# Transition model
Multinomial logit per origin state $k$. Self-loops have logit 0 by
construction; allowed destinations $j \ne k$ contribute the linear logit
$\eta_{kj}(i,t)$:
$$
P(S_{i,t}=j \mid S_{i,t-1}=k, u_{i,t}) =
\frac{\exp(\eta_{kj}(i,t))}{\sum_{l \in \mathcal{D}(k)} \exp(\eta_{kl}(i,t))}
$$
where $\mathcal{D}(k)$ is the allowed-destination set for origin $k$ (see the
[state-space note](03-state-space.md)).
## Logit equations
Coefficients live on `TransitionRow` instances inside `TransitionParams`.

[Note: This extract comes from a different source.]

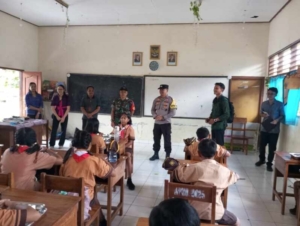 Babinsa Bakas Dampingi Uji Coba Pendistribusian MBG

Greek-letter names match the spec; the dataclass spells them out (for
example `α[UA→AW]` is `params.ua_to_aw.alpha`).
```
η[UA→AW] = α[UA→AW]
+ β_vol · vol_t
+ β_mand · mand_t
+ β_rho · ρ_{i,t}
+ β_r · r_i
+ β_tau · (1 - τ_t / T)
η[AW→UA] = α[AW→UA] # constant ≈ -3
η[AW→PR] = α[AW→PR]
+ β_mand · mand_t
+ β_rho · ρ_{i,t}
+ β_pi · π_t
+ β_r · r_i
+ β_v · v_i
+ β_tau · (1 - τ_t / T)
η[PR→ER] = α[PR→ER]
+ β_mand · mand_t
+ β_tau · (1 - τ_t / T)
+ β_negc · (-c_t)
+ β_r · r_i
+ β_v · v_i
η[PR→SH] = α[PR→SH]
+ β_negr · (-r_i)
+ β_negv · (-v_i)
η[ER→SH] = α[ER→SH]
+ β_tir · tir_{i,t}
+ β_negc · (-c_t)
```
with $\tau_t = T - t$ so that $1 - \tau_t/T = t/T$ — closer to landfall ⇒
closer to 1.
## Bookkeeping side effects
Two transitions update the auxiliary attributes:
* `PR → ER` ⇒ `evac_path[i] = AWAY`.
* `PR → SH` ⇒ `evac_path[i] = HOME`.
(`ER → SH` does not need an update — `evac_path[i]` is already `AWAY`.)
## Vectorization
`sample_transitions` walks the four non-absorbing origin states in a fixed
order, gathers the indices of households currently in that origin, and runs
one batched softmax + categorical sample per origin. SH households are
untouched because `prev_state == State.SH` masks them out.
The inner per-state batch is the hot path. With the default parameters and
`N=10_000, T=120` the full simulation runs in about 0.3s on a contemporary
laptop — well under the 5-second target — because every household-level
operation is a NumPy reduction or column-stack.